The new Singapore Airlines A380 is an engineering marvel. Sadly, despite boasting that it ‘offers, by far, the most spacious Business Class seat in the world’, it seems that the designers were not travellers. Either that, or they are not good observers of human nature.
I flew on this craft and found the seat to be one of the most uncomfortable ever. It was the widest ever, with excellent entertainment and superb dining. The staff were exceptional, and the airport club was spotless and inviting. Everything was brilliant, except for the core of the activity. The core is the flight. Everything except the flight was grand. The seat was back-breaking and frustrating. Here’s a lesson for designers and teachers and anyone who offers a service or who designs a product: learn the ways of humans.
If we lined-up a range of seats from competing airlines, and laid them out for people to test, no doubt people would vote the Singapore A380 as one of the best.
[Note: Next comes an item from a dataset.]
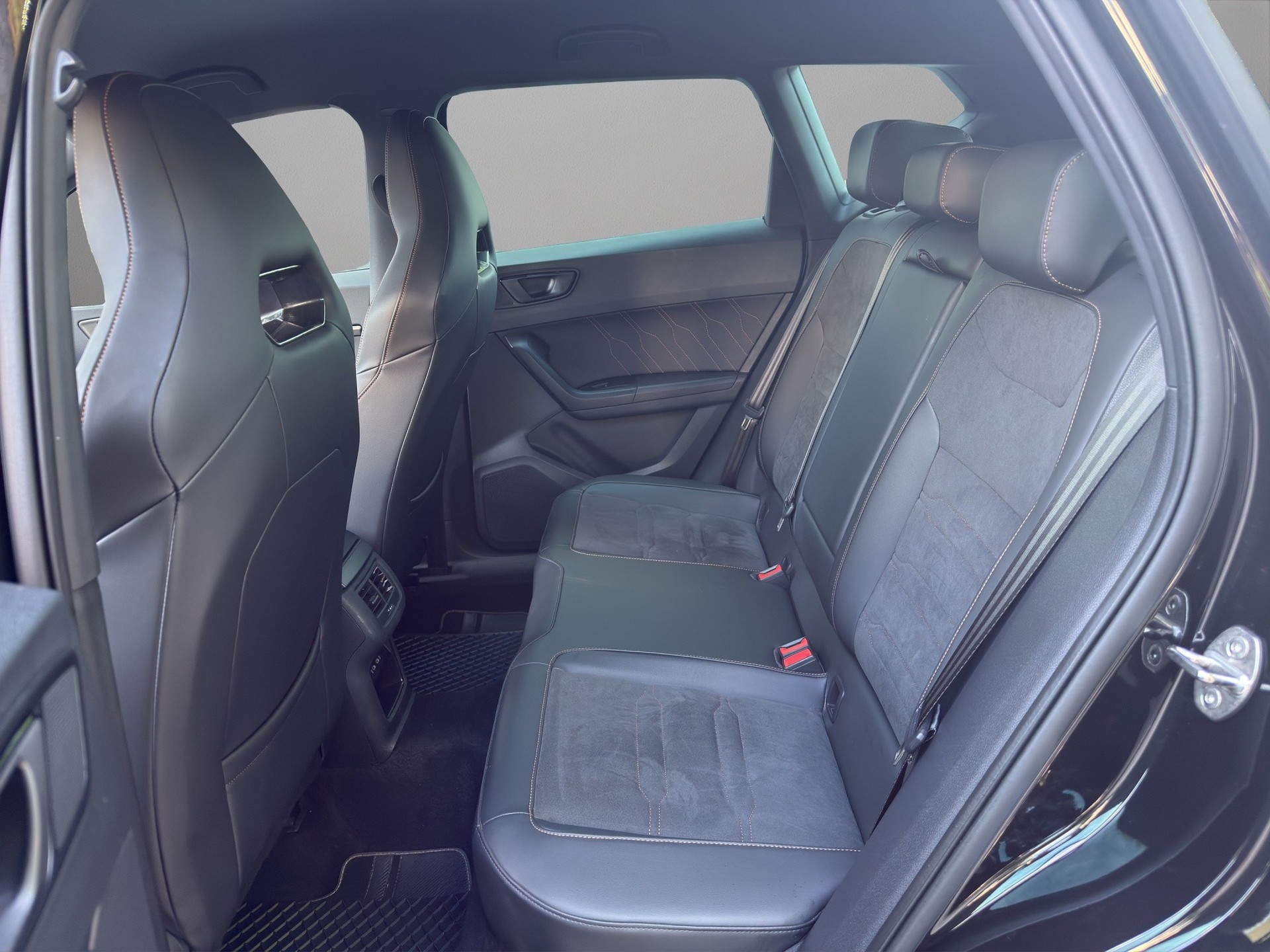 CUPRA Ateca 2.0TSI VZ 4Drive DSG-image-5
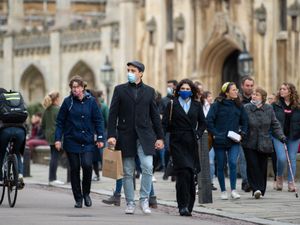 Supporting image for story: End of face masks in universities and colleges ‘irresponsible’ – unions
However, that is not the way that travellers experience an airline’s seat. They are ushered on board and told to sit up, belt up, and wait until the captain permits them to move about the cabin. So, to unwind, people will put their feet up, then they will watch a movie, and enjoy the fine dining. After that, they will slowly ease into good music or do some work and take some notes.
Slowly, very slowly, people will begin to tire. So they recline, and shift, and take their shoes off and lean back. Notice how all this is slow. This means that people do not decide to sleep, they slowly droop into a slumber. With this in mind, the designers of the A380 have failed, completely. It was my worst flight ever. Humans are lazy. And they become lazier, the more lazy they feel. We procrastinate. We put things off.
A designer needs to understand the flow. First we sit, then we recline. Sadly, this seat, the world’s most spacious, has very limited recline. In fact, the recline of this seat is almost that of an average economy class. And what makes it worse is that the seat is wide – far too wide, which means that it offers no bucket support. One needs very many pillows and cushions to feel supported. So we had no decent recline, and no body support. The lazy, tired traveller will procrastinate and just put up with it, thinking that the flat bed experience will assist in due course, but here’s the next bad bit: the flat bed is not something that a passenger can activate while seated. One has to get out of the seat, remove all magazines and papers, clear the whole area, and press and lift and move and tug and tuck and push and fold and click and then furnish the bed. Way too many moves. On a scale of fuss, it’s easy if you were asked to do it at the experimentation lab. Not so bad if you were standing there to test the seat. But when you are an exhausted traveller who had been in the seat for three hours, you feel listless and sleepy, and in no mood to stand up and fuss about. So you sit there, aching and tossing and turning and wondering how the world’s latest engineering marvel can be such a dud.